Gus didn’t know it then but in one way or another, the scene would play out again and again.

Meanwhile, U.S. immigration law was in a state of flux, slowly trending toward opening hundreds of thousands of immigration slots to displaced persons who remained in Germany and ethnic German refugees, who were kicked out of Eastern Europe and beyond, who fled in advance of the from the Red Army.
But with regard to adopting U.S. immigration policy to the post war reality there were certain issues that weighed more heavily on lawmakers than the plight of displaced persons and refugees – war brides and their children. President Truman signed the War Brides Act into law on December 28, 1945. It granted an unlimited number of slots to non-Asian women who married American GIs during the war.  (This restriction was temporarily lifted with amendments in 1947, and done away with entirely in 1952 while the United States was engaged in the Korean War.)
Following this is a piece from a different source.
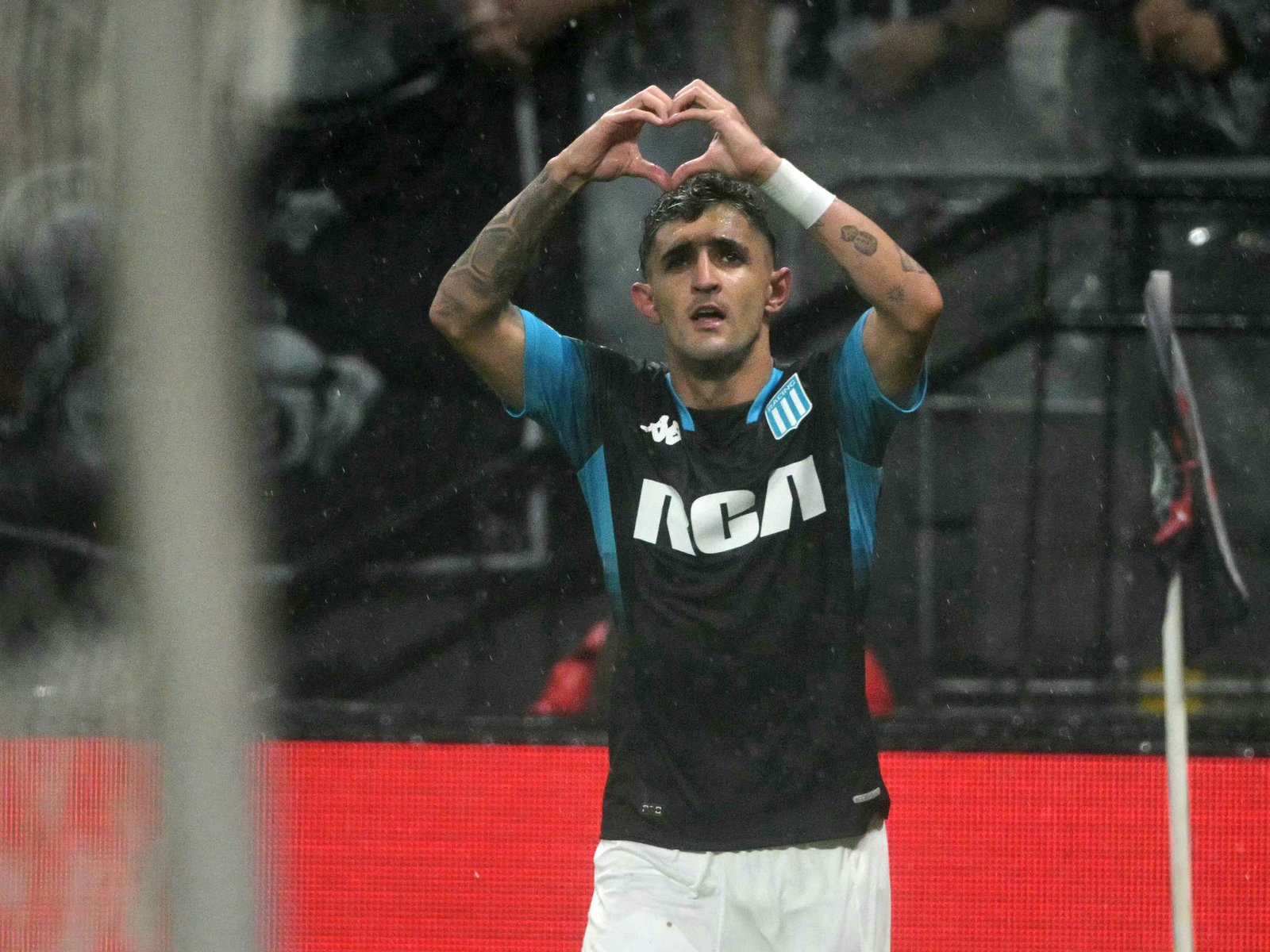 el golazo del uruguayo Martirena para que Racing se lleve un buen resultado de su visita a Corinthians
The new immigration law became significantly more robust with the passage of the Fiancés Act in June 1946.
Enter Olga.

If our lawmakers were more honest in naming bills they would have more truthfully called it the Mail Order Bride Act of 1946.
Under its provisions an American who served overseas could apply for a three month visa for their “fiancés.” They had to make the travel arrangements for their future brides and if they were not married within three months, they had to send the women back or pay for deportation. Nevertheless, it opened the door to all sorts of marriages of convenience. Between the “War Bride” and “War Fiancé” acts as many as 500,000, mostly British and European, women were granted immigration visas into the United States.
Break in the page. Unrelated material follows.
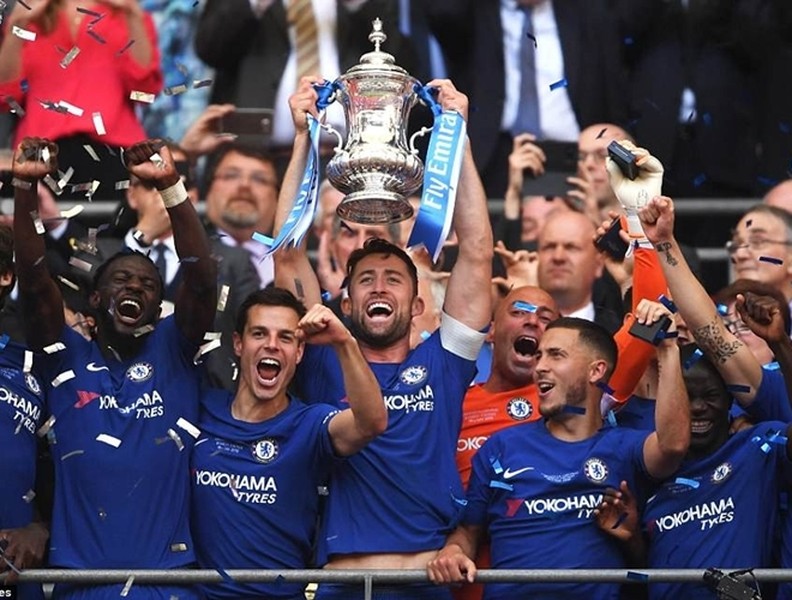 [ẢNH] Toàn cảnh chung kết FA Cup và màn ăn mừng tưng bừng của Chelsea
I Know Such A Fine Girl for You

Gus’s mother arrived in the United States in 1947. Her son was a bachelor. Once settled in she remarked, “I know such a fine young girl for you from the old country. We were neighbors.”
Gus’s mother somehow cajoled her son into an “arranged marriage” and correspondence courtship. Gus became a married man on January 29, 1949.  And it worked, on November 24 of that same year he was a father. Things changed.
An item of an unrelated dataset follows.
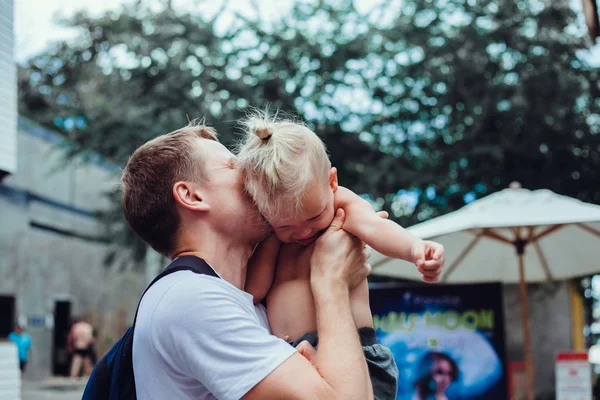 Vater Gibt Sohn Park Zurück Porträt Eines Glücklichen Vaters Der Stockfoto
His previous sweetheart Herta married Art Hintz. As it turned out, Gus built his first house next door to them. He might have looked back once or twice, or more likely over the fence between the two yards. At the time he might have said:
“I shall be telling this with a sigh
Sometimes ages and ages hence:
Two roads diverged in a wood, and I –
Took the least travel by,
And that has made all the difference.”
 
Robert Frost penned those lines sometime around 1920. With only a few lines, he captured the treble and the tenor of a time and it resonated for decades and still today. Those few words might have been a man’s theme song – from Ukraine to Canada, to the United States and then back to Europe and finally marriage to a refugee mail order bride. With every step along that way “two diverged in a wood.”